PROVIDED MATERIAL:
BEGIN
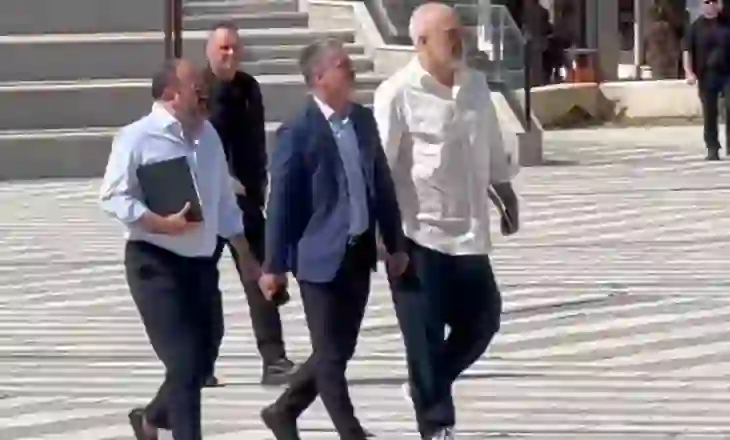 Kush janë 21 drejtuesit e Bashkisë Vlorë që dorëzuan dorëheqjen pas urdhrit të Ramës (Emrat)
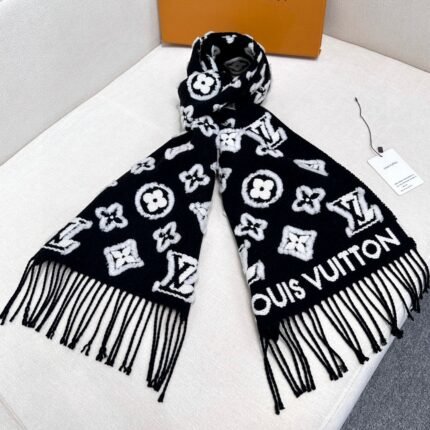 LV scarf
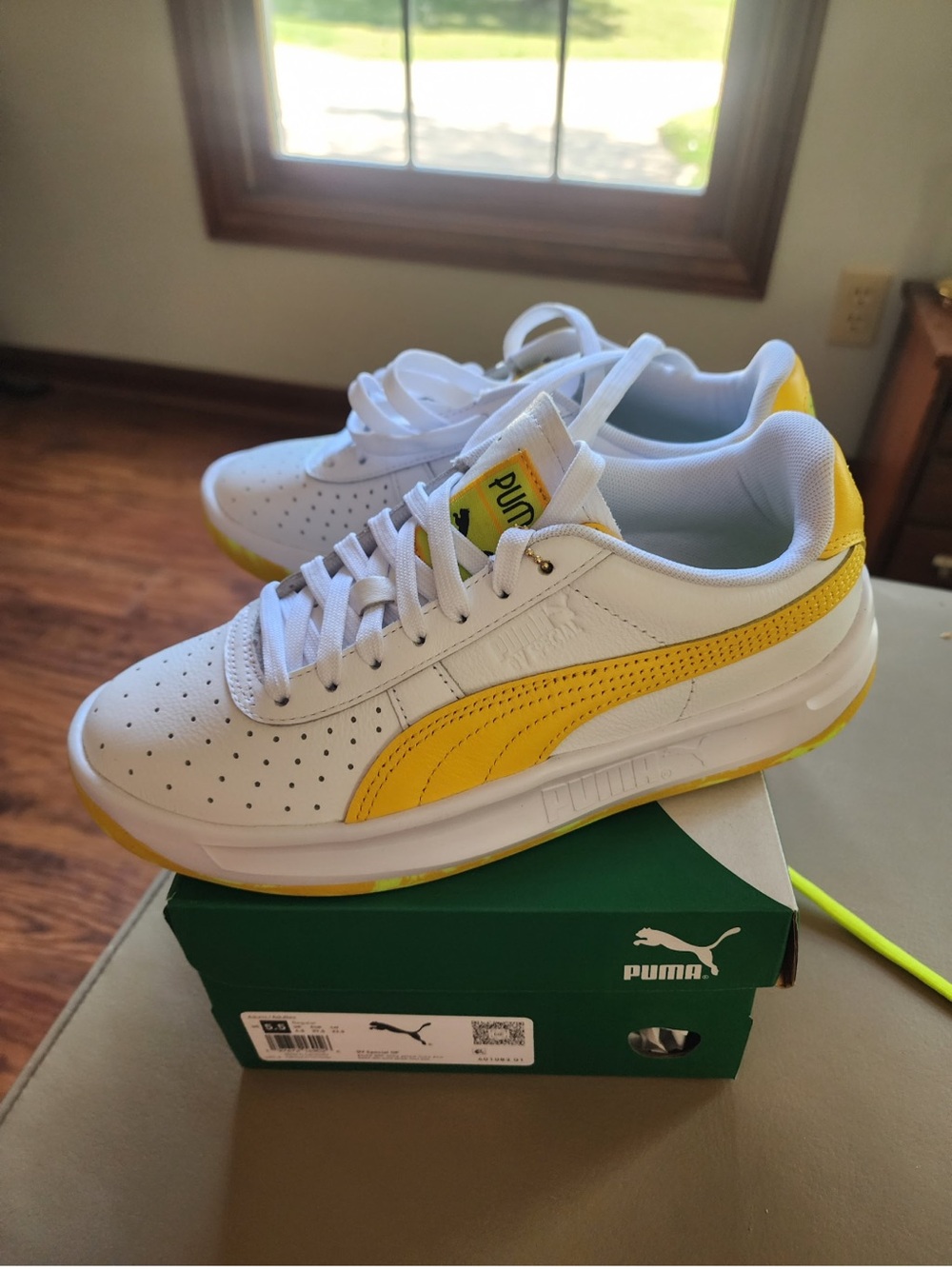 Puma Kids White and Yellow Sneakers Size 5.5 Fitz a women’s size 7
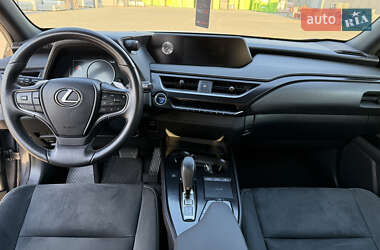 Внедорожник / Кроссовер Lexus UX 2020 в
END
WORK REQUEST: In the reply, every line of the material above is to be reproduced verbatim, and the images are to be left out.

EXERCISE SOLUTION:
 Kush janë 21 drejtuesit e Bashkisë Vlorë që dorëzuan dorëheqjen pas urdhrit të Ramës (Emrat)
 LV scarf
 Puma Kids White and Yellow Sneakers Size 5.5 Fitz a women’s size 7
 Внедорожник / Кроссовер Lexus UX 2020 в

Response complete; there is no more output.